Wednesday, March 31, 2010
Tuesday, March 30, 2010
A few of my friends visited from New Jersey this weekend. We somehow wandered over to the College of Fine Arts building, so I decided to take them inside and show them my drawing classroom. They had a lot of fun. Here is proof:
It's so sunny in these pictures, it makes me sad to look outside and see all of the disgusting rain. It's so rainy that I actually can't see outside my window. I get to carry my cardboard dinosaur to class in this monsoon later. But for now, I must draw Gregory and start a variety of other assignments. I have five hours to be productive, I need to make the best of it!
Monday, March 29, 2010
There is so little of life, and it is fraught with chance. We meet, we don't meet, we take the wrong turn and still bump into each other. We conscientiously choose "the right road" and it leads nowhere.

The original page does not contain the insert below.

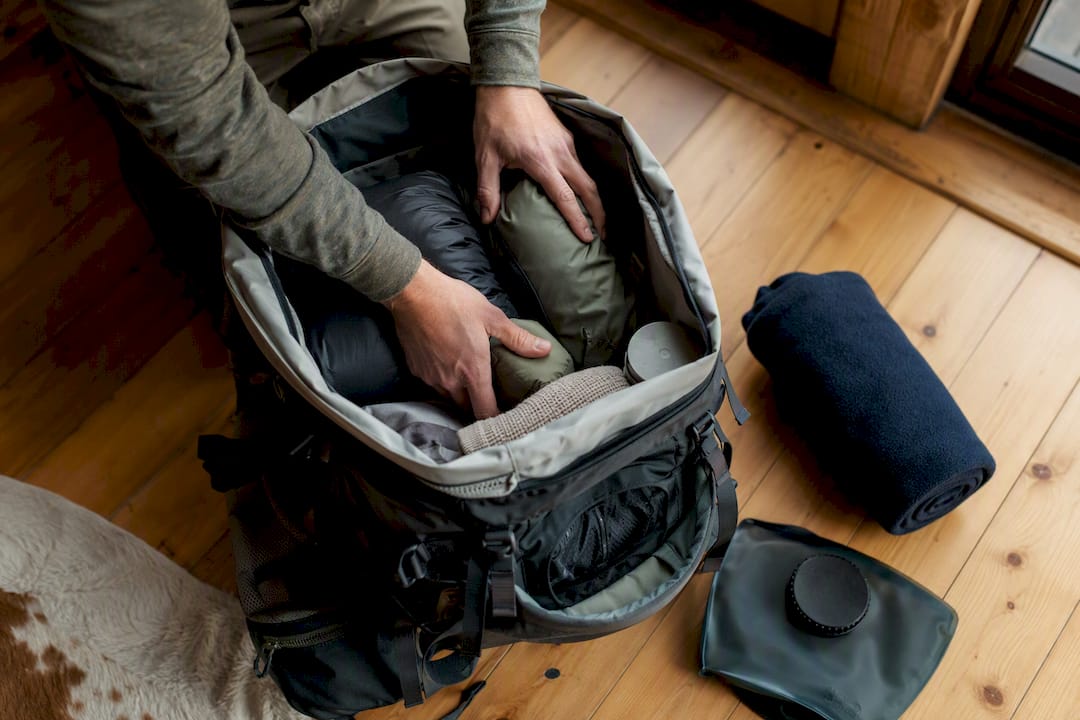 Hands placing heavy gear near pack back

Jeanette Winterson Lighthousekeeping
(photo via diamondinthedark.tumblr.com)
Posted by Julia at 7:03 AM
Friday, March 26, 2010
I've taken a bunch of photos of the projects we've been doing in drawing class lately, and I must say they are pretty neat to look at. There are two mosaics, where our teacher would give each of us a tiny scrap of paper that was part of a bigger piece, and we would have to enlarge our piece to 18x24 and then connect all the pieces together to make a larger version of it. We weren't allowed to see the completed piece before figuring it out on our own. The other project is a room full of dinos! And my new dino.
This first picture is from Tuesday, with everyone's successful and unsuccessful dinos. We had to draw them. My dino, along with many others, were so complex that they couldn't be put together in under three minutes. Thursday we had to return with a successful dino.

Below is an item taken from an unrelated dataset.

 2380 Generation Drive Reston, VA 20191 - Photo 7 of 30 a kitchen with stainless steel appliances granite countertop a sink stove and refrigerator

This is Gregory. On Tuesday night I had to come home, take apart the amazing Alfonso, who took me DAYS to complete, and put Gregory together in like 20 minutes time. I guess the lesson I learned from this is that sometimes going over the top is not beneficial. Sometimes you have to keep things simple to get the job done. I'm not sure if that's what I was supposed to learn, but that's all I got. I guess Gregory is still kinda cute, and he's my height and stands for three hours and can be put together in like 2 minutes.
This is a mosaic we did of a VanGogh painting. It was a major pain in the ass because the whole thing is basically shading. It's funny because we were told not to do any shading in the entire class, but here we are shading entire pieces of paper. Whatever. I guess it looks cool. My drawing is on the bottom left.

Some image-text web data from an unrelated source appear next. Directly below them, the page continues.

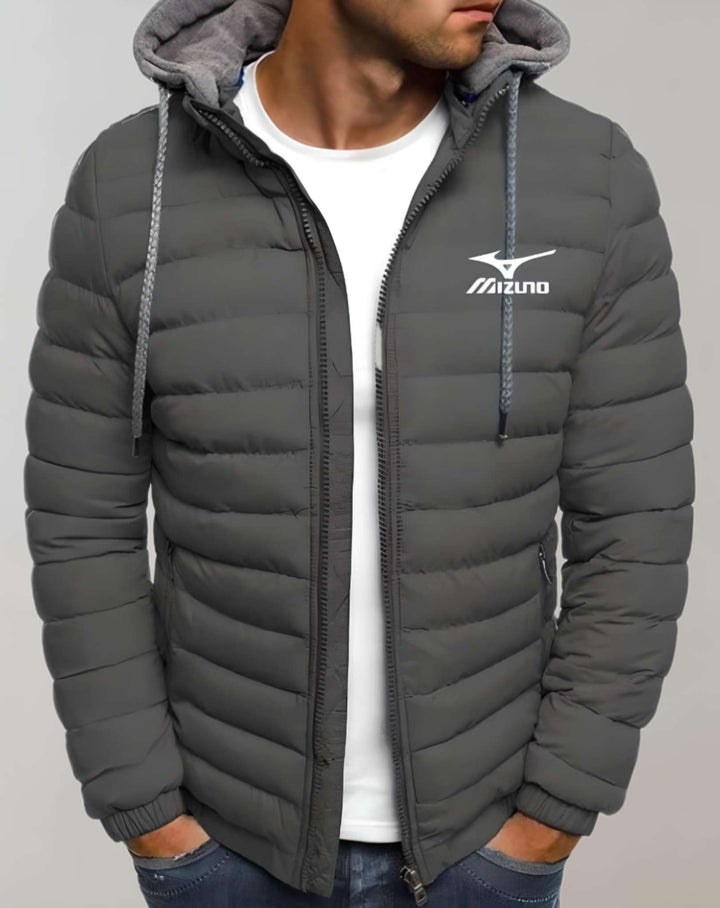 Mann in grauer Mizuno-Daunenjacke mit Kapuze, weißem T-Shirt und blauer Jeans.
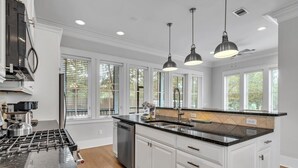 A modern kitchen with white cabinetry, a black granite countertop, stainless steel appliances, and pendant lighting. - Beach, Please (Santa Rosa Beach)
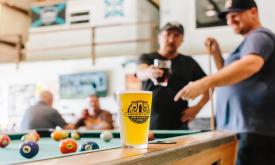 Playing pool with a craft beer at Ancient City Brewing in St. Augustine.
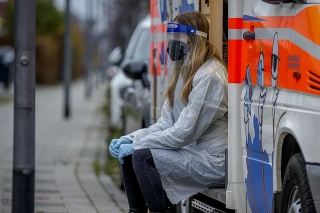 Zdravotná pracovníčka pred mobilnou testovacou dodávkou vo Frankfurte.
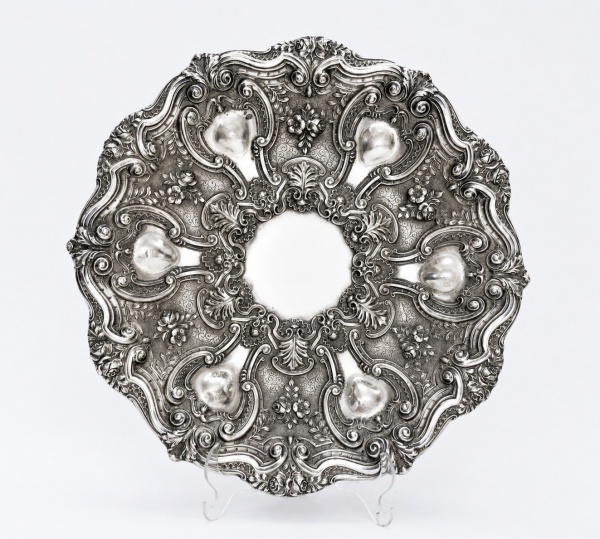 Medalhão em prata teor 833, ricamente trabalhado em relevo com decoração em estilo rococó, apresentando volutas, elementos florais e reservas em formato de cartelas distribuídas ao redor do centro, me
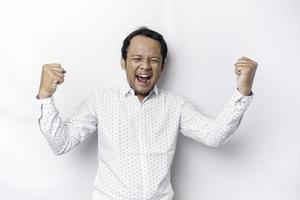 en ung asiatisk man med en Lycklig framgångsrik uttryck bär vit skjorta isolerat förbi vit bakgrund foto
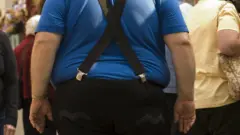 Homem obeso de costas, rodeado de outras pessoas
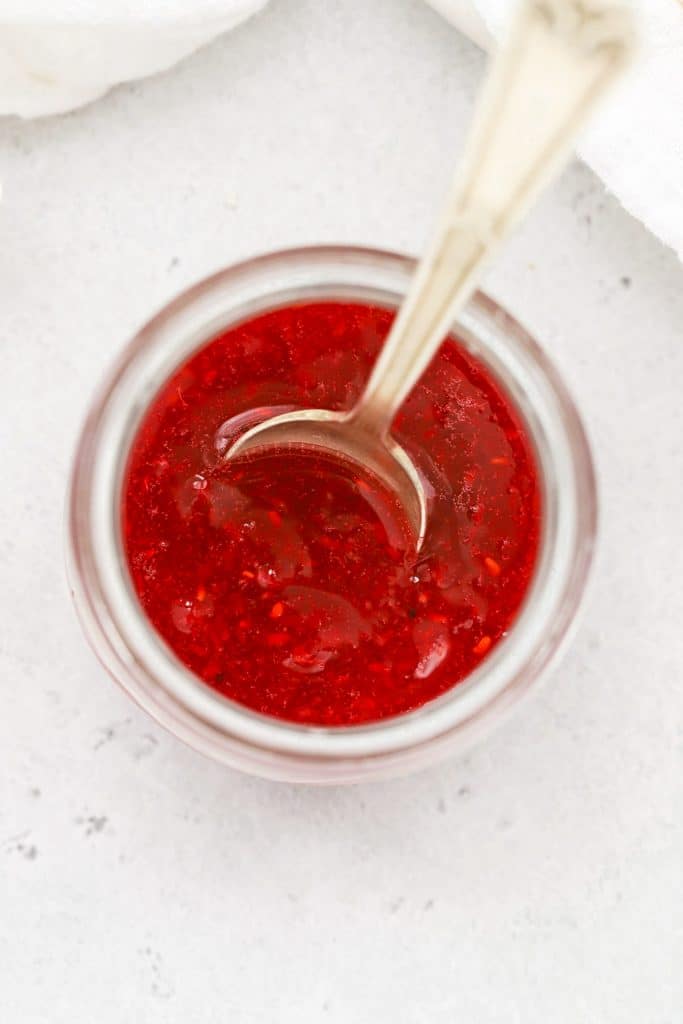 Overhead view of raspberry freezer jam in a jar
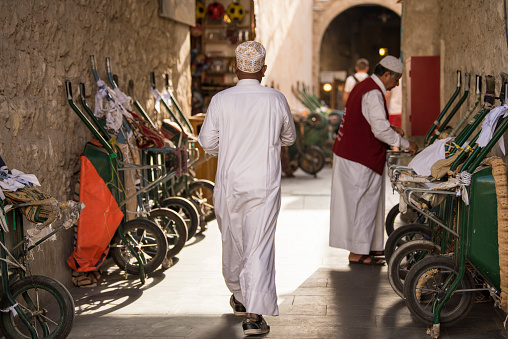 Doha, Qatar - April 22,2023: Local people in traditional attire in old bazaar market Souk Waqif.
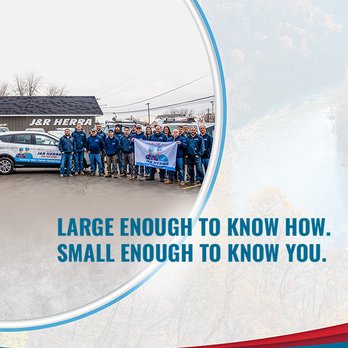 J&R Herra Heating, Cooling, & Plumbing - a group of people holding a banner - Plumbing Near Me - Elburn, Illinois J&R Herra Heating, Cooling, & Plumbing - a group of people holding a banner - Plumbing Near Me - Elburn, Illinois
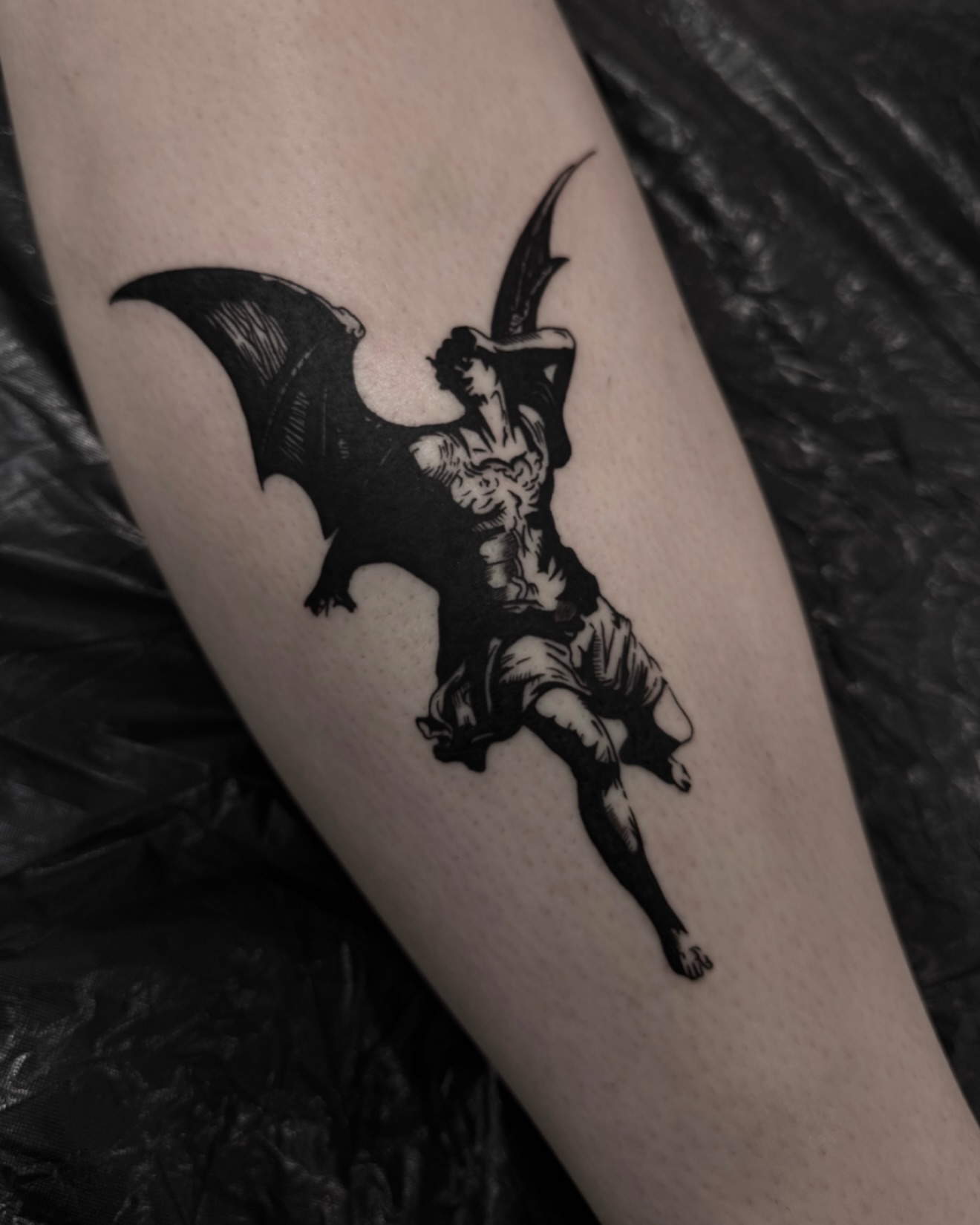 Winged angel black and grey tattoo on the forearm by Blackwork Vamos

This one is a Durer drawing, it looks much cooler hung up on the wall now, but there's a lot going on it it, I still can't figure it all out. My drawing is the second one from the bottom with words on it. I had no idea what I was drawing at the time, but it turns out I spent about 3 hours of my time drawing what turned out to be an old man's foot. Funny.
Well, that's what I got for now. I am sure I will have plenty of other ridiculous things to show you before the semester is over.
Monday, March 22, 2010
This is Alfonso.
He is a vegetarian horse/rhinoceros mix.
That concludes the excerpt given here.